Start of Available data

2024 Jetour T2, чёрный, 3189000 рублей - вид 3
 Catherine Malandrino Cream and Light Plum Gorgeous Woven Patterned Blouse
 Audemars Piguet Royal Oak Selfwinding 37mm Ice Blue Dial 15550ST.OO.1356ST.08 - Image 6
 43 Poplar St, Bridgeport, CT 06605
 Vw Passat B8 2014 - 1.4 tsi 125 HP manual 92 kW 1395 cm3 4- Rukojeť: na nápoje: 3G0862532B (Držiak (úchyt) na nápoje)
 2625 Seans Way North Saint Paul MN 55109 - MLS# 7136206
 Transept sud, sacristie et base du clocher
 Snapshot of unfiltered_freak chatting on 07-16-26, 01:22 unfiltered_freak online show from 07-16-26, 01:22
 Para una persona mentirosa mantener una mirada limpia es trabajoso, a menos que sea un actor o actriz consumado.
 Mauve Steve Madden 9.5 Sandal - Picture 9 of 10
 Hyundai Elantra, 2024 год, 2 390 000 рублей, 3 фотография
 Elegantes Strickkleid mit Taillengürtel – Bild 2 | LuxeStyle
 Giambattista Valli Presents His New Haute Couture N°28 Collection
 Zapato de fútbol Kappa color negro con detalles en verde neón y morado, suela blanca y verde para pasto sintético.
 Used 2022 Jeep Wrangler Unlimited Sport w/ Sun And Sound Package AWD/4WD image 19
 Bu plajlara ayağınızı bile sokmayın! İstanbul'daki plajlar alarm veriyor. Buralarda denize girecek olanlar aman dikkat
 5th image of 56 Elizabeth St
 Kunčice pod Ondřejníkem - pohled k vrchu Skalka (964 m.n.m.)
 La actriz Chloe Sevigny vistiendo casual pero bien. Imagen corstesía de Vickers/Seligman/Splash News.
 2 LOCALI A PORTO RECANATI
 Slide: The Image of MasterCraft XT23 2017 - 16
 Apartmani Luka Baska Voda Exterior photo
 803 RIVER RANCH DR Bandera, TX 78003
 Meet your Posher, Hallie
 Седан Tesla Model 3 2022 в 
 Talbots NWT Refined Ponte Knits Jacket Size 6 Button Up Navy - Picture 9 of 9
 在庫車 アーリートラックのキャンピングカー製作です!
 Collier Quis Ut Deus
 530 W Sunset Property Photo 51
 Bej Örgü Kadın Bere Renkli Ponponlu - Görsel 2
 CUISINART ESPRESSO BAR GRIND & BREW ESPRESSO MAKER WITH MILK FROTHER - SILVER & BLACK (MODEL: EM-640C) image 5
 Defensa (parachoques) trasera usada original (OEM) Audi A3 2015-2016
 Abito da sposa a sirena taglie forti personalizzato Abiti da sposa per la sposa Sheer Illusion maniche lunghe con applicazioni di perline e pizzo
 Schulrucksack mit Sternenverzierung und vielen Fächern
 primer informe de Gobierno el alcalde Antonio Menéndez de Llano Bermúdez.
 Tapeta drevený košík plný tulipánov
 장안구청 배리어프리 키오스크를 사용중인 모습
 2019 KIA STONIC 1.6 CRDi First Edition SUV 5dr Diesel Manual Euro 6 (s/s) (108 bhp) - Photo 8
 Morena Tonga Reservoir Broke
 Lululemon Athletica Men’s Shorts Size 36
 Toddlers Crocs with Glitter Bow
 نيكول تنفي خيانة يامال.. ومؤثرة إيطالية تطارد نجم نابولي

End of Available data

» **Your objective**
Output every record exactly as written, with nothing dropped.

» **Answer box**
2024 Jetour T2, чёрный, 3189000 рублей - вид 3
 Catherine Malandrino Cream and Light Plum Gorgeous Woven Patterned Blouse
 Audemars Piguet Royal Oak Selfwinding 37mm Ice Blue Dial 15550ST.OO.1356ST.08 - Image 6
 43 Poplar St, Bridgeport, CT 06605
 Vw Passat B8 2014 - 1.4 tsi 125 HP manual 92 kW 1395 cm3 4- Rukojeť: na nápoje: 3G0862532B (Držiak (úchyt) na nápoje)
 2625 Seans Way North Saint Paul MN 55109 - MLS# 7136206
 Transept sud, sacristie et base du clocher
 Snapshot of unfiltered_freak chatting on 07-16-26, 01:22 unfiltered_freak online show from 07-16-26, 01:22
 Para una persona mentirosa mantener una mirada limpia es trabajoso, a menos que sea un actor o actriz consumado.
 Mauve Steve Madden 9.5 Sandal - Picture 9 of 10
 Hyundai Elantra, 2024 год, 2 390 000 рублей, 3 фотография
 Elegantes Strickkleid mit Taillengürtel – Bild 2 | LuxeStyle
 Giambattista Valli Presents His New Haute Couture N°28 Collection
 Zapato de fútbol Kappa color negro con detalles en verde neón y morado, suela blanca y verde para pasto sintético.
 Used 2022 Jeep Wrangler Unlimited Sport w/ Sun And Sound Package AWD/4WD image 19
 Bu plajlara ayağınızı bile sokmayın! İstanbul'daki plajlar alarm veriyor. Buralarda denize girecek olanlar aman dikkat
 5th image of 56 Elizabeth St
 Kunčice pod Ondřejníkem - pohled k vrchu Skalka (964 m.n.m.)
 La actriz Chloe Sevigny vistiendo casual pero bien. Imagen corstesía de Vickers/Seligman/Splash News.
 2 LOCALI A PORTO RECANATI
 Slide: The Image of MasterCraft XT23 2017 - 16
 Apartmani Luka Baska Voda Exterior photo
 803 RIVER RANCH DR Bandera, TX 78003
 Meet your Posher, Hallie
 Седан Tesla Model 3 2022 в 
 Talbots NWT Refined Ponte Knits Jacket Size 6 Button Up Navy - Picture 9 of 9
 在庫車 アーリートラックのキャンピングカー製作です!
 Collier Quis Ut Deus
 530 W Sunset Property Photo 51
 Bej Örgü Kadın Bere Renkli Ponponlu - Görsel 2
 CUISINART ESPRESSO BAR GRIND & BREW ESPRESSO MAKER WITH MILK FROTHER - SILVER & BLACK (MODEL: EM-640C) image 5
 Defensa (parachoques) trasera usada original (OEM) Audi A3 2015-2016
 Abito da sposa a sirena taglie forti personalizzato Abiti da sposa per la sposa Sheer Illusion maniche lunghe con applicazioni di perline e pizzo
 Schulrucksack mit Sternenverzierung und vielen Fächern
 primer informe de Gobierno el alcalde Antonio Menéndez de Llano Bermúdez.
 Tapeta drevený košík plný tulipánov
 장안구청 배리어프리 키오스크를 사용중인 모습
 2019 KIA STONIC 1.6 CRDi First Edition SUV 5dr Diesel Manual Euro 6 (s/s) (108 bhp) - Photo 8
 Morena Tonga Reservoir Broke
 Lululemon Athletica Men’s Shorts Size 36
 Toddlers Crocs with Glitter Bow
 نيكول تنفي خيانة يامال.. ومؤثرة إيطالية تطارد نجم نابولي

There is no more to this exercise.